Darryl Tonemah (Kiowa/Comanche/Tuscarora) combines the energy of rock, the intelligence of folk, and the heart of country to create a musical niche he calls Native Americana. Darryl has two interesting careers—one as a behavioral psychologist and the other as a rising musician—and he says it’s difficult sometimes to keep the two worlds separate. While he may wonder “who wants their psychologist to be a rock star, and who wants their rock star to be a psychologist,” he appears to be having success in both. The director of the Health Promotion Program at the University of Oklahoma College of Continuing Education, he has won accolades from the Native American Music Awards for his CDs. Darryl’s most popular song is one of his first: “Powwow Snag,” which he wrote on the back of a Wal-Mart receipt before giving a speech to Native youth about healthy behaviors. Darryl is joined by Loren “LP” Tonemah (Kiowa/Comanche/Tuscarora) providing vocals and percussion; Kris Brayley (Tuscarora), vocals and drums; Eric Koban (Mohawk), guitar; and Bruce Wojick, bass.

Tonolec Friday, August 22 - Tonolec - Tradition-infused electronica
Artist Website
Artist Bio

Singer Charo Bogarín and instrumentalist Diego Pérez combine electronic music and the ethnic music of their native Chaco Province, Argentina.
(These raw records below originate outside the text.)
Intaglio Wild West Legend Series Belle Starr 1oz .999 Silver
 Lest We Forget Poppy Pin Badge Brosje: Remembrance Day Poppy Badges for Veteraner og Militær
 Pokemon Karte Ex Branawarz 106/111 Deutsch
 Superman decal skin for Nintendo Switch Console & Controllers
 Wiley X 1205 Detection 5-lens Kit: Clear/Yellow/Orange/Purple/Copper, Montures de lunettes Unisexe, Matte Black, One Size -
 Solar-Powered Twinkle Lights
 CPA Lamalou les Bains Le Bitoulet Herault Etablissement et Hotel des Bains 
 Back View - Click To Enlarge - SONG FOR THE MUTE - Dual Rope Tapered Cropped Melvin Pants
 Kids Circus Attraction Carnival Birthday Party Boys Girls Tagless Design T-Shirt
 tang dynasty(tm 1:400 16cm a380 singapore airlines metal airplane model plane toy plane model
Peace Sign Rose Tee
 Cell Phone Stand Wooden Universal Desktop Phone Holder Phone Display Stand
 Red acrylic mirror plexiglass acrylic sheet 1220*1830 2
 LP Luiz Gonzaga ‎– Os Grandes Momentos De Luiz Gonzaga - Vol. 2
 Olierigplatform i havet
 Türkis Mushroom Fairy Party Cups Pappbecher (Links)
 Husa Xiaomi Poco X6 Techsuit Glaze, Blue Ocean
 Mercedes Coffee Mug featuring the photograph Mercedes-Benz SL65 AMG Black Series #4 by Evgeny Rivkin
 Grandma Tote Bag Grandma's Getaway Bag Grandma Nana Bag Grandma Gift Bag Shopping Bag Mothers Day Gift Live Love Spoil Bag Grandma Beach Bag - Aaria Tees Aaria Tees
After significant success in Argentina and Spain, including winning an MTV competition, these young artists dedicated the last three years to researching Toba culture and exchanging musical experiences with indigenous communities in northeastern Argentina. Their purpose was to enrich their music by focusing on their own social and cultural roots. Tonolec blends electronica with the Toba music and rhyme they learned from the elders of the communities they visited. Their work with indigenous communities gave birth to their name (“tonolec” is the name of a local bird) and to the sound of their music: a powerful feminine voice in dialogue with nature and electronics. Their repertoire includes original compositions and arrangements of traditional songs.

This program received federal support from the Latino Initiatives Pool, administered by the Smithsonian Latino Center.

Visitors have the opportunity to meet the performers, who will talk about their music, culture, and other interests and pursuits in a relaxed, informal setting.

The Mitsitam Native Foods Cafe will offer light refreshments and beverages.